How to train on tabular data in mini batches?

arz · May 23, 2023, 8:20pm

I have tabular data that is far too large to fit in memory (240+ million rows). The data is in numerous parquet files of ~400k rows each. Is there a way to set up a data loader to, say, train on the data from one parquet file in each step?

I’m coming from PyTorch, so I’ll describe what I would do there. I I would provide a DataLoader a list of parquet files, and the collate function would read one file with pandas, convert values and target to a tensor, and return. Is there analogous functionality in FastAI? All I could find in the docs indicate that my data would have to be either a single dataframe in memory, or a single CSV

ForBo7 · May 24, 2023, 7:24am

This topic here may provide a few pointers.

arz · May 25, 2023, 3:03pm

I’ve found a method that may work. I set up a callback that re-initializes the learner’s dls after every epoch, and consider an epoch to be a single parquet file. Here is an example:

def parquet_dir_gen(): 
    <Generator that yields a parquet file's directory>

def load_batch(parquet):
    <Read and preprocess your batch of data>

def create_tabular_pandas(df):
    <Returns a TabularPandas object>


class ReinitializeTabularPandas(Callback):
    def __init__(self, learn, generator, load_batch, create_dataset):
        super().__init__()
        self.learn = learn
        self.generator = generator
        self.load_batch = load_batch
        self.create_dataset = create_dataset
               

    def before_batch(self):
        
        # Load the new data, create a TabularPandas using it, and get the dataloader
        parquet = next(self.generator)
        df = self.load_batch(parquet)
        data = self.create_dataset(df)
        self.learn.dls = data.dataloaders(bs=len(data))

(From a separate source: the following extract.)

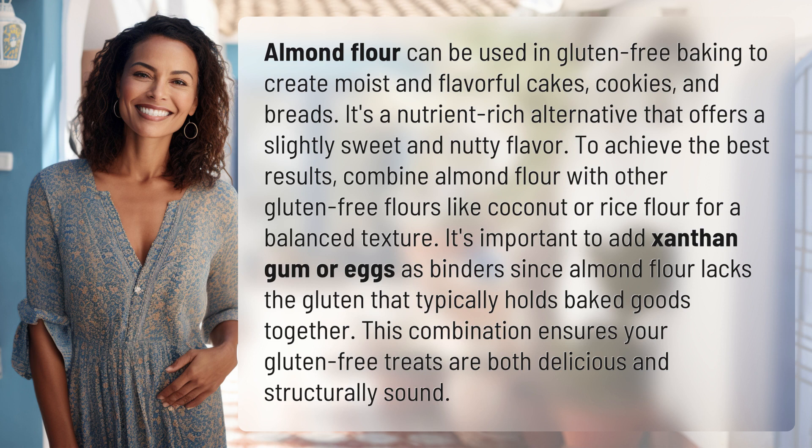To achieve the best results, combine almond flour with other gluten-free flours like coconut or rice flour for a balanced texture. It's important to add xanthan gum or eggs as binders, since almond flour lacks the gluten that typically holds baked goods together. This combination ensures your gluten-free treats are both delicious and structurally sound.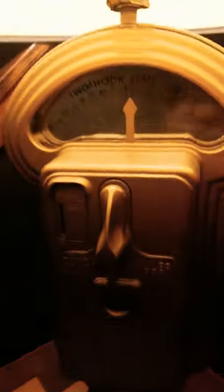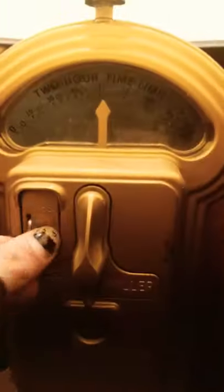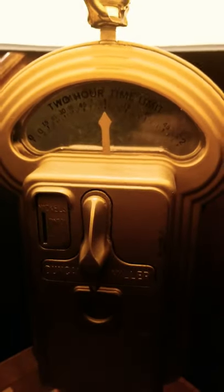So basically, what you do is you get a nickel. You put that right in there, and that stays on for about an hour off of one nickel. But if you put another one in there, it'll stay on for longer. It doesn't show that it counts it, but it does, so it'll stay on for a longer amount of time.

# Initial TabularPandas initialization
df = load_batch(inutial_parquet)
data = create_tabular_data(df)
dls = data.dataloaders(bs=len(data))

learn = Learner(dls, model, BCEWithLogitsLossFlat(), opt_func=Adam, lr=3e-2, metrics=[accuracy])
learn.add_cb( ReinitializeTabularPandas(learn, parquet_dir_gen, load_batch, create_tabular_pandas) )
learn.fit(n_epoch = num_parquet*n_epoch_desired)